[Problem]
Copy out only the lines running from the one that contains "riley reid takes" through the end of the listing. Pictures stay out.

§

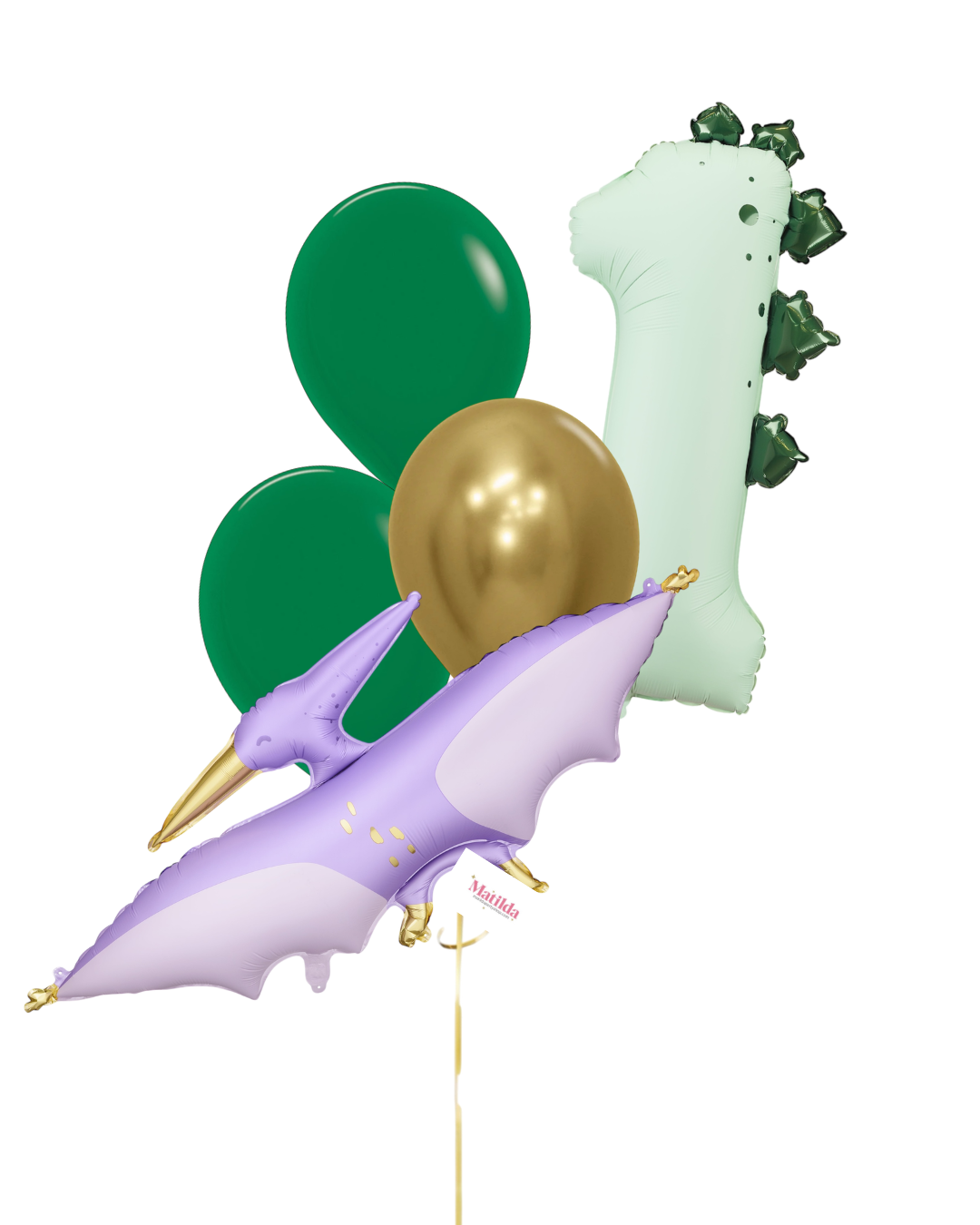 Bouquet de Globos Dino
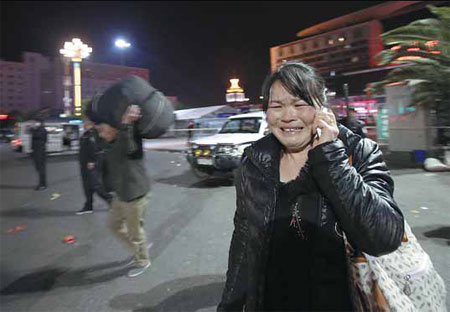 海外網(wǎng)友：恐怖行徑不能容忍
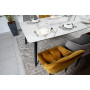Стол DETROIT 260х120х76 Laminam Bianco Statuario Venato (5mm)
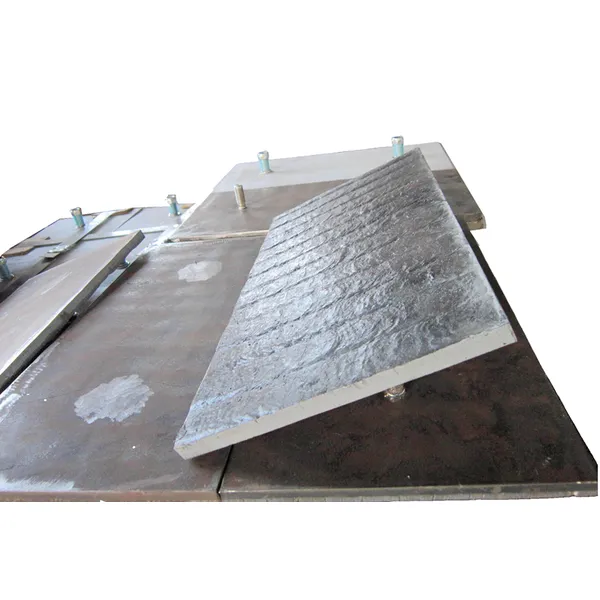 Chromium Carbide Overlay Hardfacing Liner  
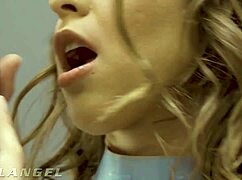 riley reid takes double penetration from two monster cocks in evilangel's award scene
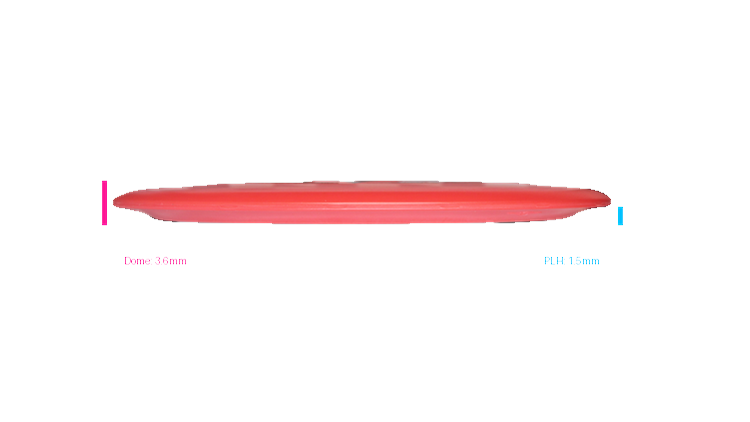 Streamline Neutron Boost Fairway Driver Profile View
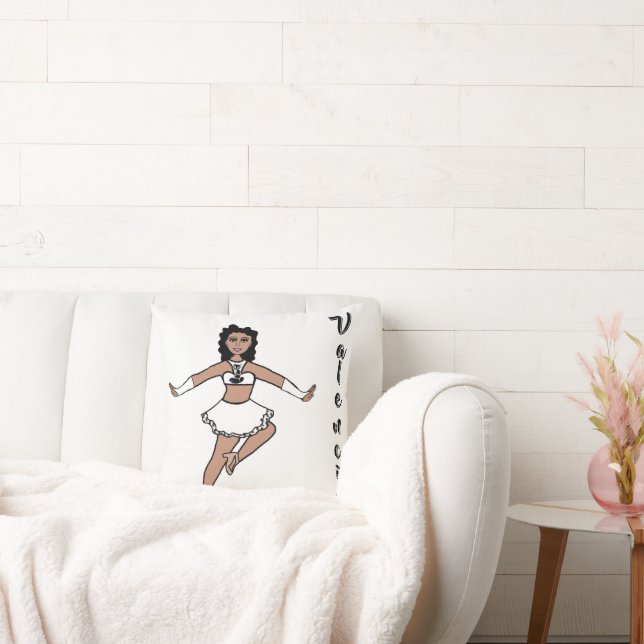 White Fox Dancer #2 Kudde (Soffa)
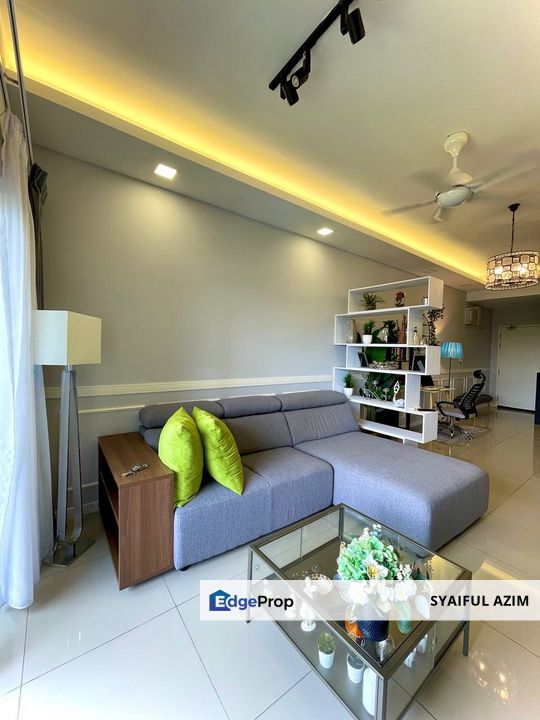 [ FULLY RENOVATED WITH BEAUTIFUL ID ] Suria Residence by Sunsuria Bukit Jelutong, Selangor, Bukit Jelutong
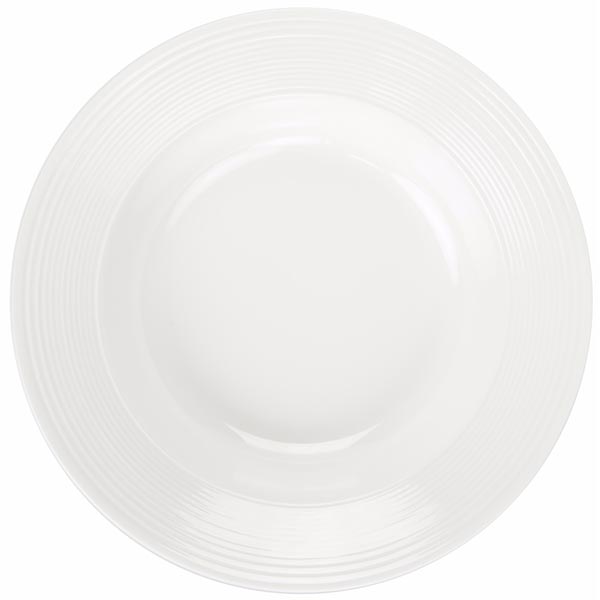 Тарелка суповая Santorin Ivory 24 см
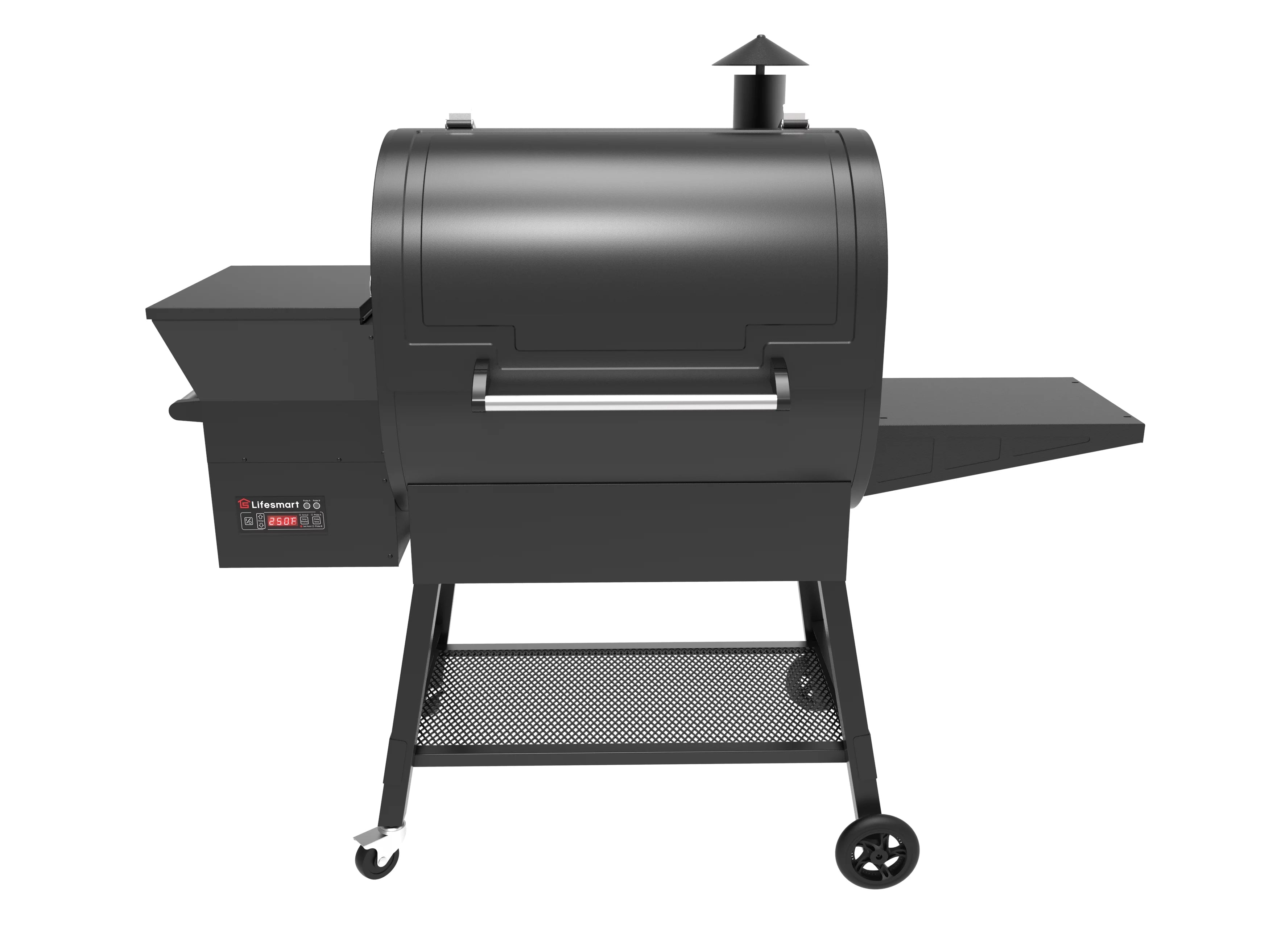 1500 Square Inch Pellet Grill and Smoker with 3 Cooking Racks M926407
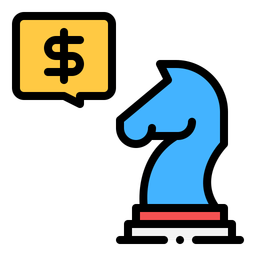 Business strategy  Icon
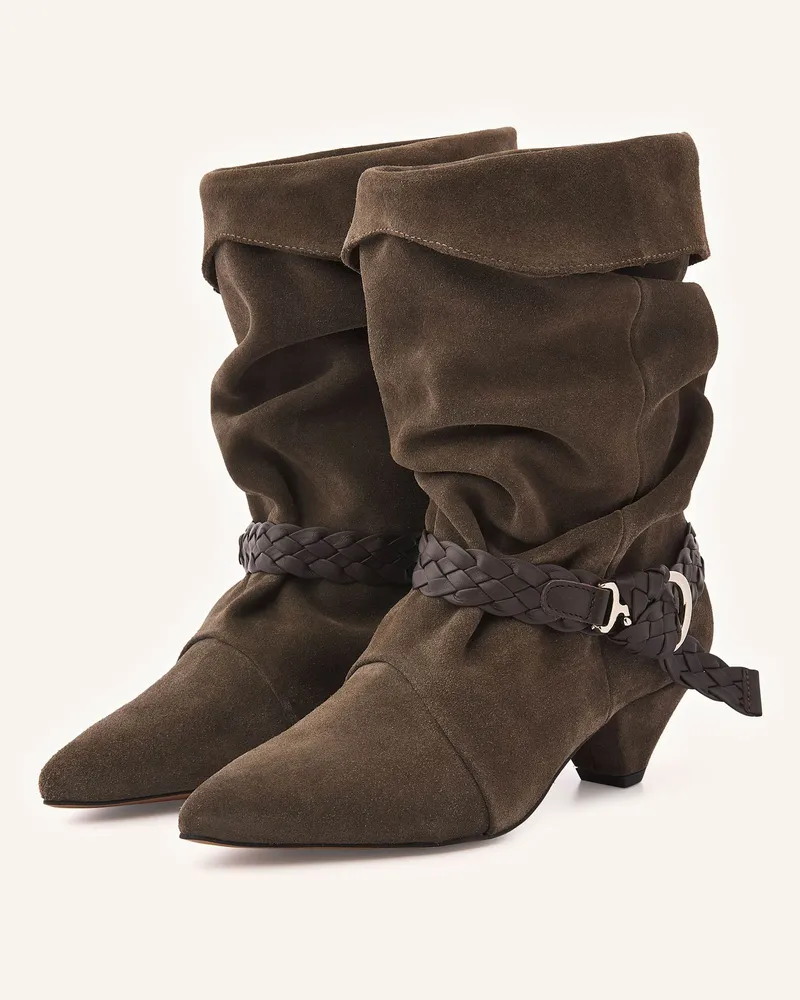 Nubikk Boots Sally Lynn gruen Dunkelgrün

§

[Result of the task]
 riley reid takes double penetration from two monster cocks in evilangel's award scene
 Streamline Neutron Boost Fairway Driver Profile View
 White Fox Dancer #2 Kudde (Soffa)
 [ FULLY RENOVATED WITH BEAUTIFUL ID ] Suria Residence by Sunsuria Bukit Jelutong, Selangor, Bukit Jelutong
 Тарелка суповая Santorin Ivory 24 см
 1500 Square Inch Pellet Grill and Smoker with 3 Cooking Racks M926407
 Business strategy  Icon
 Nubikk Boots Sally Lynn gruen Dunkelgrün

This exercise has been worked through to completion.